2014年7月25日
日税連の平成25年度の登録事務事績によると、同年度末の税理士登録者は、前年度比776人増の7万4501人。
そして、注目すべき数字が女性税理士の数です。
女性税理士は、平成24年度にはじめて1万人を突破して1万39人となりましたが、平成25年度は1万312人とさらに増加しています。
現在税理士のうち女性は約14%ですが、今回増加した776人の税理士のうち、273人が女性。
増加数だけをみると、35%が女性ということになり、税理士全体で女性の割合が増えている現状が見て取れます。
女性の存在感が高まることで、税理士を雇用する事務所においても、女性税理士をどのように活用するか、ということが喫緊の課題となってくるでしょう。
「女性の積極的な登用」という言葉を聞いて、思い出すことはないでしょうか。

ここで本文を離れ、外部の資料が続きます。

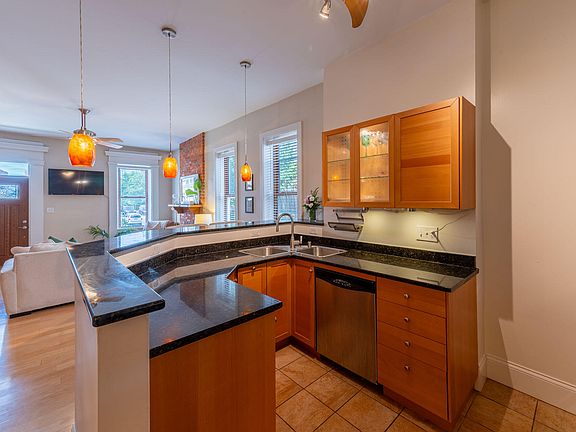 5th image of 115 E 8th St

これはいわゆる「アベノミクス」の重要施策でもあります。
安倍政権は、「女性が輝く日本」をキャッチフレーズに、2020年に25歳~44歳の女性就業率を73%にする(2012年時点68%)こと、
指導的地位に占める女性の割合を30%程度にすることなどを目標に掲げています。
今後、女性の採用、継続雇用を後押しする施策の実施が期待されるところです。
女性の採用に積極的な会計事務所は増えています。
たとえば、都内の男性所長をトップとするある中型会計事務所で、資格者、科目合格等の非資格者含め、
20人程度の職員がほぼすべて女性、という事例を目にしたこともあります。
所長にお話をお伺いすると「同じ給与で募集すると女性の方がよい人材が来る」とアッサリ。
一部には、そういった傾向もあるのかもしれませんね。
いずれにしても、戦略的に女性を積極採用する会計事務所が存在することは覚えておくべきでしょう。
そして、税理士の採用においても、社会全体の女性の活躍が大きく影響します。
税理士の顧客となる会社経営者には、圧倒的に男性が多く、経営者と税理士が「あうんの呼吸」でやりとりするために、男性が重用される現実がありました。
女性経営者が増えれば、女性税理士の需要は増えると考えられ、会計事務所の人事戦略も変化するでしょう。
前出の、女性を積極採用する会計事務所の所長に、
良い女性税理士を採用するコツをお聞きしたところ「フレキシブルな勤務体制を整備すること」だとおっしゃっていました。
女性の就職では、出産や育児等、時間の制約がネックとなることが多いのが現実です。
フルタイム・残業ありの働き方ができない女性の能力を引き出す体制を整備することが、事務所の収益につながるとの確信を持っているようでした。
生産性の高い組織をつくるには、労働力を適正に配置する必要があります。
付加価値の高い得意分野があれば、むしろ時間的制約がテコとなり、収益性の高い組織が生み出される可能性もあります。
女性税理士の転職は、専門職としての新しい働き方が起こりつつあるということを意識しながら、時間的制約がある場合も気後れすることなく、
自分の状況をはっきりと説明した上で、堂々と強みをアピールする必要がありそうです。